Law firms retained to pursue fore­closure against homeowners are “debt collectors” subject to the federal Fair Debt Collection Practices Act, a fed­eral appeals court ruled in a case in­volving law firm Sam­uel I. White PC from Virginia Beach, Virginia.

In its published 3-0 decision, the 4th U.S. Circuit Court of Appeals rejected a Rockville, Maryland, firm’s argument that foreclosure is not an effort to collect a debt but to pursue the mortgagee’s right to the property after the debt has clearly gone unpaid.

A foreclosure action is in fact an at­tempt to collect a debt, albeit by more extreme means, insofar as the home­owner’s financial obligation remains even as a foreclosure proceeding be­gins, the 4th Circuit said Oct. 7. If the law did not apply to foreclosure pro­ceedings, the law’s goal of protecting debtors from unfair collection practic­es would be thwarted, the court add­ed.

The law firm’s argument, “if accept­ed, would create an enormous loop­hole in the act immunizing any debt from coverage if that debt happened to be secured by a real property inter­est and foreclosure proceedings were used to collect the debt,” Judge Paul V. Niemeyer wrote for the 4th Circuit. “We see no reason to make an excep­tion to the act when the debt collec­tor used foreclosure instead of other methods.”

The court’s decision revived home­owner Renee L. McCray lawsuit against the White firm and the sub­stitute trustees seeking foreclosure of her property after she allegedly failed to make payments to the mortgage servicer, Wells Fargo. McCray alleges the White firm and trustees violated the FDCPA by failing to provide ade­quate notice and respond to requested information about her debt.

The appeals court said the federal law defines debt collector as one “who regularly collects or attempts to col­lect, directly or indirectly, debts owed or due or asserted to be owed or due another.” Under this definition, debt collectors include firms hired by a creditor seeking foreclosure, the 4th Circuit said.

The 4th Circuit also noted the White firm’s message to McCray about the coming foreclosure action belied its argument that it was not a debt col­lector.
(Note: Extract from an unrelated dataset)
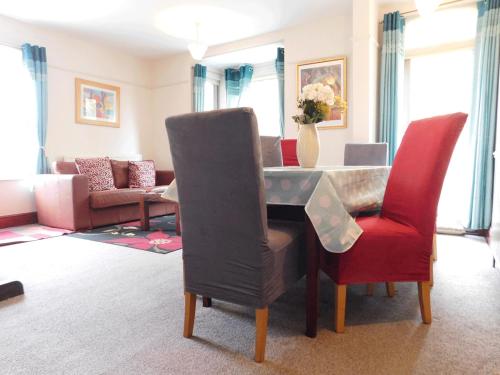 ein Wohnzimmer mit einem Klavier und roten Stühlen in der Unterkunft Stay Norwich Apartments Trade Stay House in Norwich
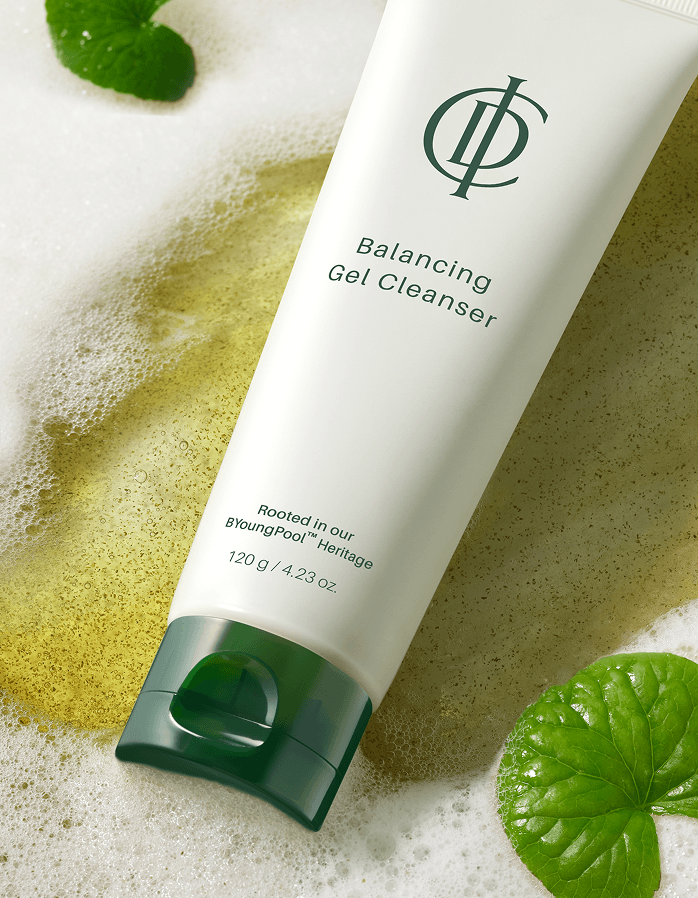 RIMAN ICD Balancing Gel Cleanser tube on a soft background with bubbles and mint leaves.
The message not only provided specific loan information, including the lender’s name and the amount required to cure the default, but con­cluded with the following statement, the 4th Circuit said: “This is an at­tempt to collect a debt. This is a com­munication from a debt collector. Any information obtained will be used for that purpose.”

White-firm attorney Robert H. Hillman, who argued the case on be­half of the practice, said he was not surprised by the ruling as the law is fairly clear that firms pursuing fore­closure are “debt collectors.” He add­ed that the White firm is prepared to defend its actions as in keeping with the FDCPA.

McCray’s appellate attorney, Ken­zie M. Rakes of Raleigh, agreed that the court’s decision followed ex­isting law and “clarified when a per­son does or does not qualify as a debt collector.”

The 4th Circuit decision is McCray v. Samuel I. White PC.